After J.R. Smith recommended Brickley for the job this summer, according to the trainer, the 27-year-old Manchester, N.H. native went in for an interview earlier this month to show the staff his on-court work. But it wasn't until Louisville coach Rick Pitino placed a phone call to the Knicks that Brickley was able to seal the deal. Pitino gave his blessing to Knicks assistant general manager Allan Houston.
"You knew Chris Brickley wanted to be a coach. He was a basketball junkie and wanted to learn the game," Pitino said of his former walk-on. "If you believe in someone, I knew he could do a really good job. I'm not one that makes phone calls and recommends people that I don't think would impact the franchise."
On Tuesday, Chris Bernard, the Knicks' vice president of player development, offered Brickley the job.
Previously, Brickley was a two-time New Hampshire All-State First Team selection and a 2005 McDonald's All-American nominee during high school.
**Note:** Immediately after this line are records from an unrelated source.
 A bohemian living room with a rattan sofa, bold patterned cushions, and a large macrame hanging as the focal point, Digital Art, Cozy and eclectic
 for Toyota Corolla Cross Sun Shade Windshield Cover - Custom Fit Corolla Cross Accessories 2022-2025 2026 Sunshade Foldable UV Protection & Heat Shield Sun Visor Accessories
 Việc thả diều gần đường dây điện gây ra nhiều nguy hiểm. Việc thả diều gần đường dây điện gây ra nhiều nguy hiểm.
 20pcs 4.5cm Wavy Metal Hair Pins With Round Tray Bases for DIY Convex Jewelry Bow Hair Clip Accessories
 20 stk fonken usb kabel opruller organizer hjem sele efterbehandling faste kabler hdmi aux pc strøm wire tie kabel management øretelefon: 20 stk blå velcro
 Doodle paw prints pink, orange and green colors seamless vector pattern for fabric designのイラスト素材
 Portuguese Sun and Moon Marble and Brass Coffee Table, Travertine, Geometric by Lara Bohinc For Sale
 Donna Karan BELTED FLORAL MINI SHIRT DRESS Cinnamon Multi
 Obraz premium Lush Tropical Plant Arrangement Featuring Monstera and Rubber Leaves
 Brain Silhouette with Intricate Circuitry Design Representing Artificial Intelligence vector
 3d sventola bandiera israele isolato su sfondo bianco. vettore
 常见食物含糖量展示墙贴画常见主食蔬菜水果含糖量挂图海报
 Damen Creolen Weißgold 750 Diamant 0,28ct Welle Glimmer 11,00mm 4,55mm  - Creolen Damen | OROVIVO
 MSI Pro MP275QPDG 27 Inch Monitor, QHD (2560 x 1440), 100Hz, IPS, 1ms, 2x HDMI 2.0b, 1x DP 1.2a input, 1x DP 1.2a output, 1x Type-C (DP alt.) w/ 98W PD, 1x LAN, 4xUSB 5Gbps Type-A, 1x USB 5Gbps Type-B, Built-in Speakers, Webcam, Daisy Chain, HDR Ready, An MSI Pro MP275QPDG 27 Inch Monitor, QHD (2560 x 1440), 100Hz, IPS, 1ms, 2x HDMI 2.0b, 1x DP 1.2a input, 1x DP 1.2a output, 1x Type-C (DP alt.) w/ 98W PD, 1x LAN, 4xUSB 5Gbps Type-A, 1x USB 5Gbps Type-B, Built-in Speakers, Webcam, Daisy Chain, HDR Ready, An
After graduating from Louisville, he held assistant and player development coaching roles at Ole Miss, Fairleigh Dickinson and most recently at Pace. He got his first big shot training NBA and premier college players when he was connected to mega-agent Andy Miller.
This summer in New York City, Brickley has been spending a lot of time training his former teammate Chris Smith, focusing on his dribbling and explosiveness so he could regain his confidence. Last October, Smith had left patella tendon surgery, and he didn't start scrimmaging again until earlier this summer.
"He has helped my game with excelling my ball-handling, which was the weakest part of my game," Smith said.
In NYC, Brickley makes use of the full-court gym at The Aldyn, a waterfront luxury apartment complex on the west side of Manhattan where Jason Kidd, Raymond Felton and Alex Rodriguez reside. He also utilizes the Gauchos Gym in the Bronx, home to the legendary AAU team that once featured Knicks point guards Mark Jackson and Stephon Marbury. In fact, the court's design is based on the old Madison Square Garden, complete with the Knicks logo on the hardwood.
Since 2010, Brickley has worked with NBA players J.R. Smith, Matt Bonner and JaVale McGee; former Louisville teammates Earl Clark, Samardo Samuels, Peyton Siva and Terrence Williams; overseas players Andre Barrett and Allan Ray; and Isaiah Briscoe, one of the top high school players in the class of 2015.
Brickley's specialty with guards and forwards is dynamic and high-intensity on-court routines that mimic game simulation. They are designed to improve a player's ball control, instincts, precision and quick reaction time when moving and jumping. With bigs, he focuses on footwork, explosiveness and playing above the rim.
"I've had success with my drill repetitions with many professionals, and I look forward to doing the same for the Knicks," he said.